可是一进入这龙卷风的风壁之后,一股恐怖的风力立刻就将他们席卷了起来。
那风不是吹的,是撕的,是扯的,是像有千万只手同时伸出来,抓住他们的衣裳、头发、手脚,往天上拽。
以至于导致这些骑手连人带马被一同卷入了龙卷风之中,纷纷飞上了高空。
那些骑手在龙卷风里就犹如在一个滚筒之中不断旋转一样,根本无法稳住身形,也根本没办法正常思考。
他们被甩来甩去,头朝下,脚朝上,撞在一起,又分开。
马匹在他们身边翻滚,蹄子乱蹬,有的踢中了人,有的踢中了马,骨头断裂的声音在风里里啪啦地响。
只有一声声惊恐的叫喊声,被迅速淹没在风中,像扔进大海里的石子,连个水花都溅不起来。

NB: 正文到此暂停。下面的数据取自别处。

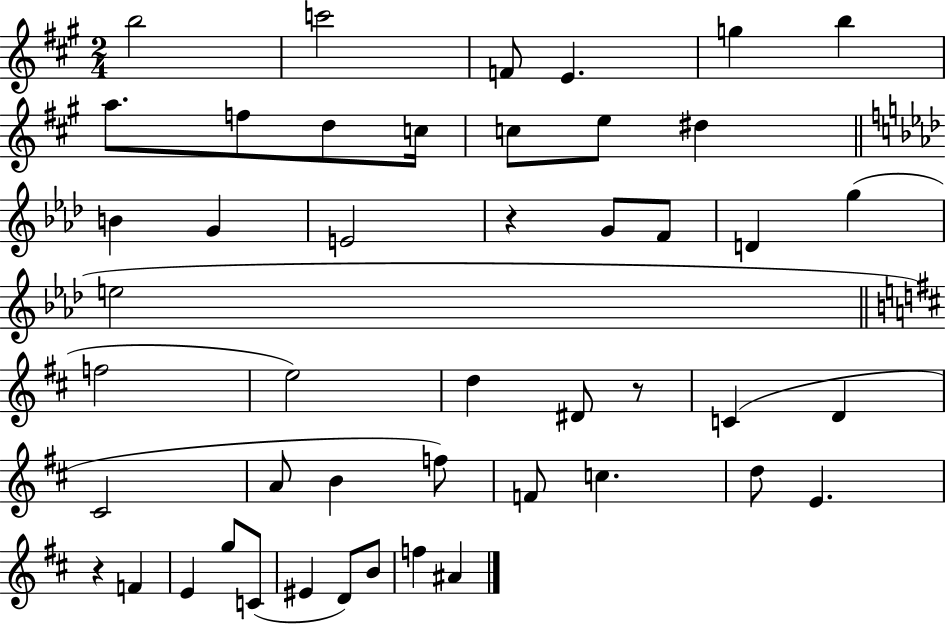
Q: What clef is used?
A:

黑袍老者看著那些骑手一个个连带著马匹被卷入风中,旋转著升上高空之后,面上不由得流露出浓浓的惊惧和犹豫。
他的嘴唇在哆嗦,手在抖,腿也在抖。
「竟然————强大到如此程度?!」
他的声音像是在自言自语,又像是在问那个风沙里的人:「二品!」
「绝对是二品之中最顶级的高手!」
黑袍老者不由得回头看了一眼那风沙之中,依然还在逐渐逼近的轮廓。
那影子越来越近,越来越大,像一座正在移动的山。
他实在难以理解,这样一个恐怖的高手,已经具有了称霸西漠的实力,可为什么竟然隐姓埋名躲藏在这个小小的遗迹之中?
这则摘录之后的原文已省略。